■ **SUPPLIED MATERIAL**
_____

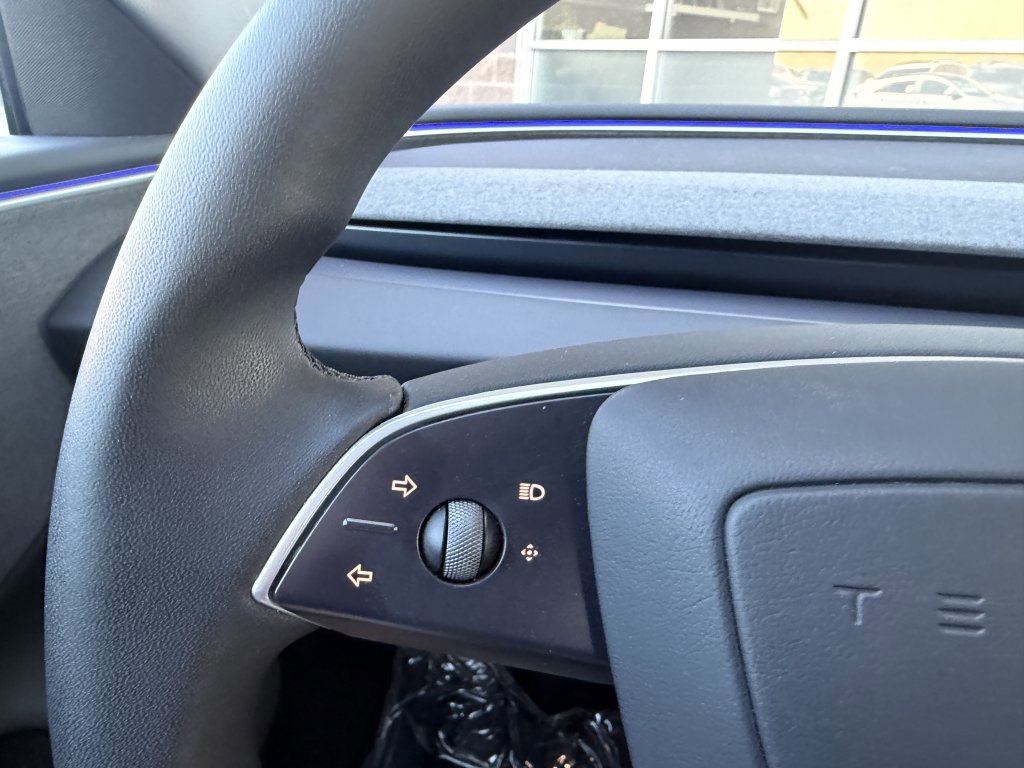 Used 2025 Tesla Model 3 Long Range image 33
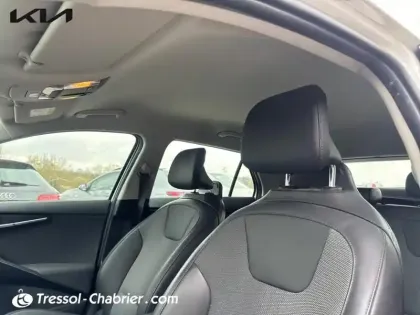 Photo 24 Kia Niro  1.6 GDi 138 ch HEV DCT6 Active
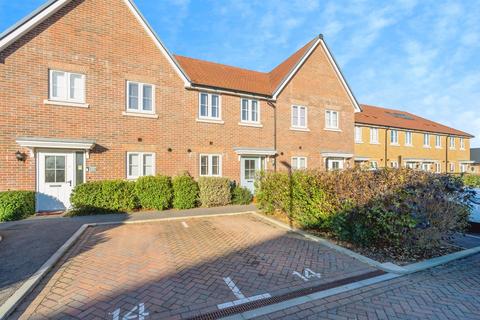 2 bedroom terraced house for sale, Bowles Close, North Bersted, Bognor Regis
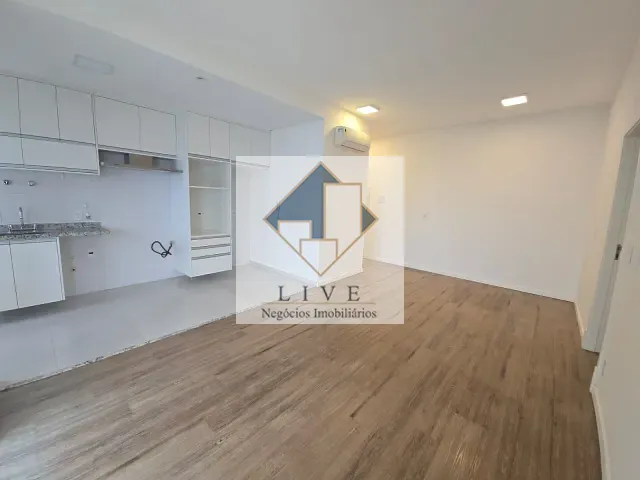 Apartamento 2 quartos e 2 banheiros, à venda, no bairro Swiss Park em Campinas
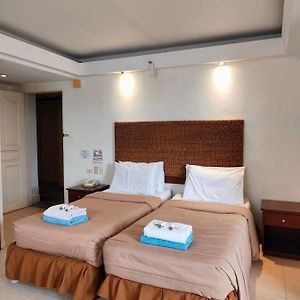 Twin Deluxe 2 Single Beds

_____

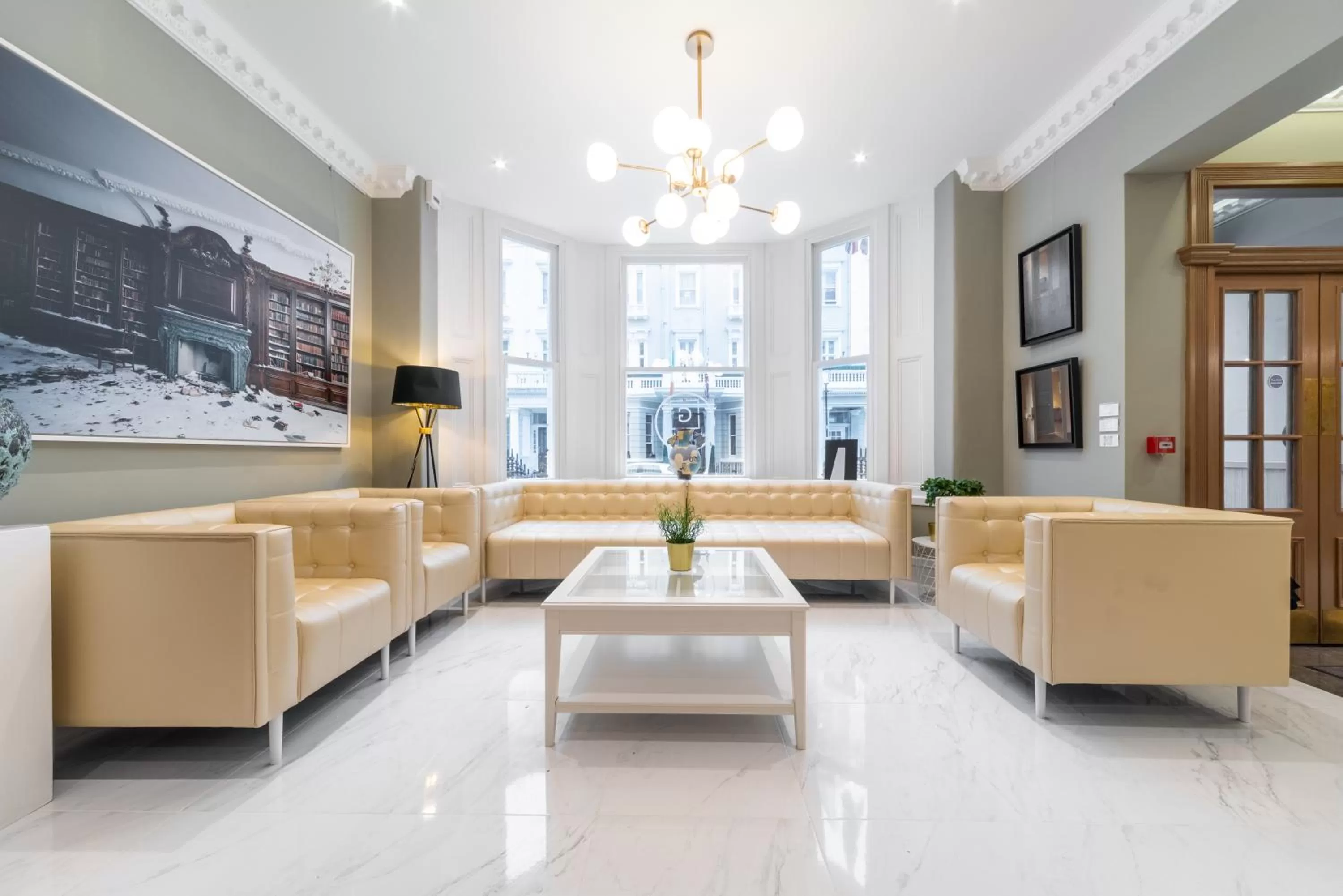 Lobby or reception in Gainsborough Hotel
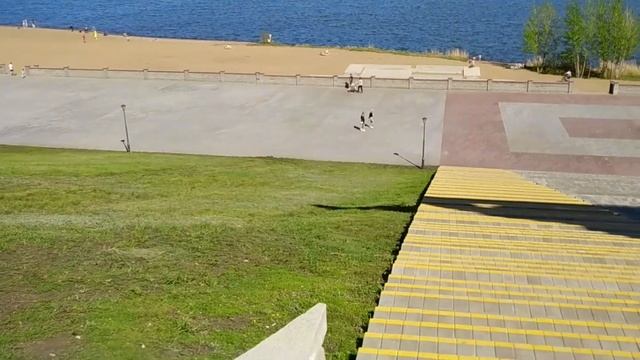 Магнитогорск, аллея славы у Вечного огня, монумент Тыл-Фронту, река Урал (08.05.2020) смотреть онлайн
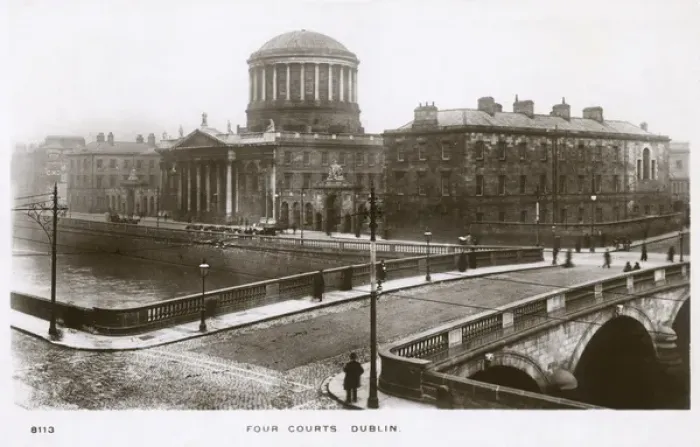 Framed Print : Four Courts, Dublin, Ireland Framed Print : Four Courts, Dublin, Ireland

_____

■ **EXERCISE BRIEF**
What you return from the records above should be exactly everything from the line with "Used 2025 Tesla Model 3 Long Range image 33" down to the line with "Twin Deluxe 2 Single Beds", both kept, and no pictures.

■ **REPLY TO THE TASK**
 Used 2025 Tesla Model 3 Long Range image 33
 Photo 24 Kia Niro  1.6 GDi 138 ch HEV DCT6 Active
 2 bedroom terraced house for sale, Bowles Close, North Bersted, Bognor Regis
 Apartamento 2 quartos e 2 banheiros, à venda, no bairro Swiss Park em Campinas
 Twin Deluxe 2 Single Beds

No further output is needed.